─── Provided data

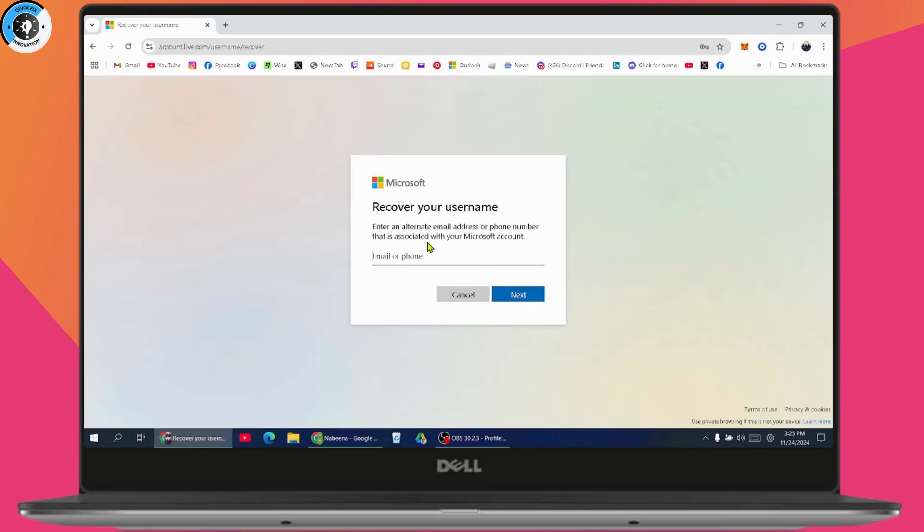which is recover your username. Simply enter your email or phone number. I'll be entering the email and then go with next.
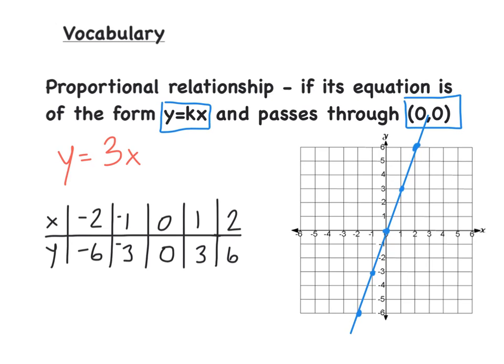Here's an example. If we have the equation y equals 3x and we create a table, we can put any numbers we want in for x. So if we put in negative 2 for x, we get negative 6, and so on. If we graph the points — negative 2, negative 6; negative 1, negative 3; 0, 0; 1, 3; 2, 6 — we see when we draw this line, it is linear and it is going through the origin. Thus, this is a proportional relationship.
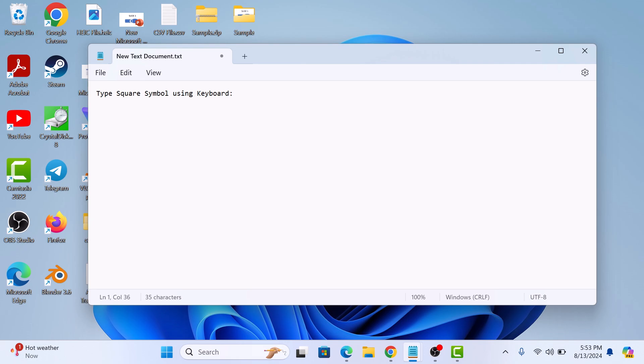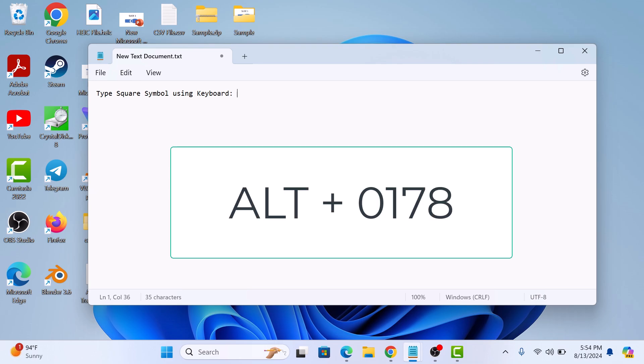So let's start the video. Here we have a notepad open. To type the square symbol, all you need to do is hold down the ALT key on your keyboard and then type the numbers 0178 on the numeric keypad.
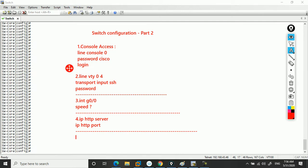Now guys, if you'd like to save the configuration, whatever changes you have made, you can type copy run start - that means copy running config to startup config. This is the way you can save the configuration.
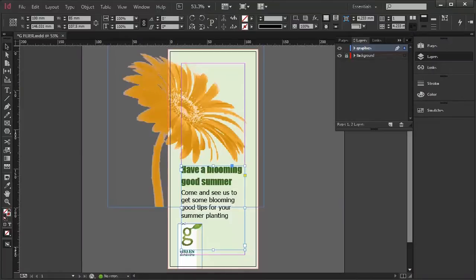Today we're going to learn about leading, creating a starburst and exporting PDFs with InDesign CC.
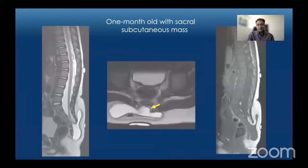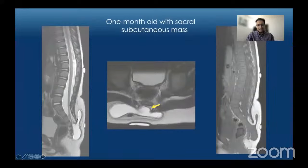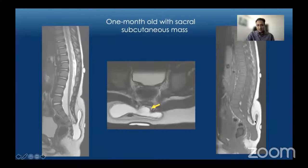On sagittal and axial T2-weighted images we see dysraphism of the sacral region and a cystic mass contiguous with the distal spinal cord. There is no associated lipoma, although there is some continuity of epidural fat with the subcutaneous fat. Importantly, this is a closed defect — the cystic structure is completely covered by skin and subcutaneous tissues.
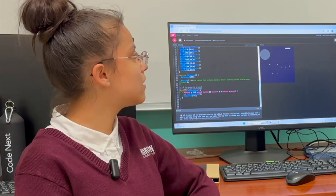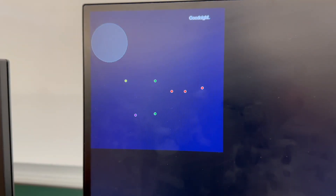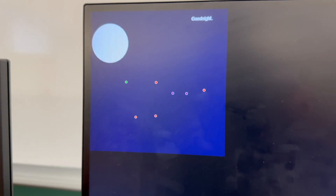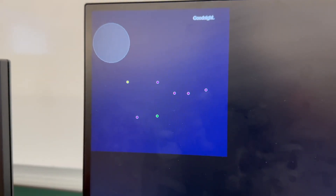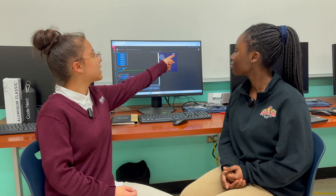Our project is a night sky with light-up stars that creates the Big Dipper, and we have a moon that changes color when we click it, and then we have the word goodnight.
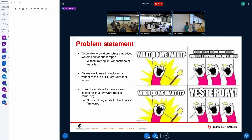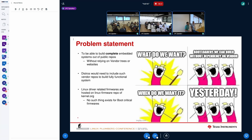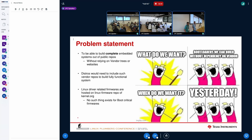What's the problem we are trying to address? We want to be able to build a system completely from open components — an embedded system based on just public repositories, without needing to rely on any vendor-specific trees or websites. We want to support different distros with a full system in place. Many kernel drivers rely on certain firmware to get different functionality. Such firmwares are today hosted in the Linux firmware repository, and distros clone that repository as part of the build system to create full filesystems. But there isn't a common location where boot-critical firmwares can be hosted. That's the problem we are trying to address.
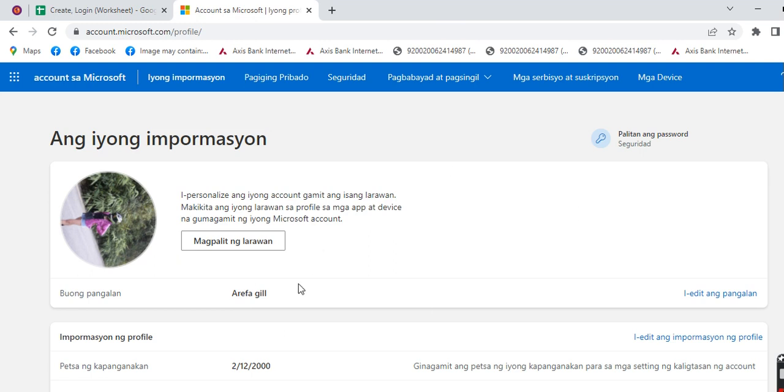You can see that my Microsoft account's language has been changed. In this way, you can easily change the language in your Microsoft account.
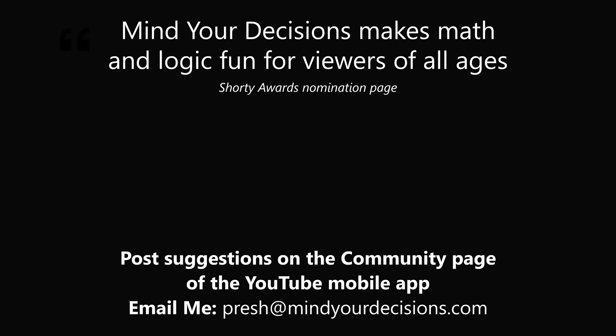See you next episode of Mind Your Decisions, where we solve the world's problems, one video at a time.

──────

[Work to be completed]: Copy only what lies between the start of the listing above and the line containing "Today we're going", inclusive of both ends, exactly as written, and drop the pictures.

[Task output]:
which is recover your username. Simply enter your email or phone number. I'll be entering the email and then go with next.
Here's an example. If we have the equation y equals 3x and we create a table, we can put any numbers we want in for x. So if we put in negative 2 for x, we get negative 6, and so on. If we graph the points — negative 2, negative 6; negative 1, negative 3; 0, 0; 1, 3; 2, 6 — we see when we draw this line, it is linear and it is going through the origin. Thus, this is a proportional relationship.
So let's start the video. Here we have a notepad open. To type the square symbol, all you need to do is hold down the ALT key on your keyboard and then type the numbers 0178 on the numeric keypad.
Now guys, if you'd like to save the configuration, whatever changes you have made, you can type copy run start - that means copy running config to startup config. This is the way you can save the configuration.
Today we're going to learn about leading, creating a starburst and exporting PDFs with InDesign CC.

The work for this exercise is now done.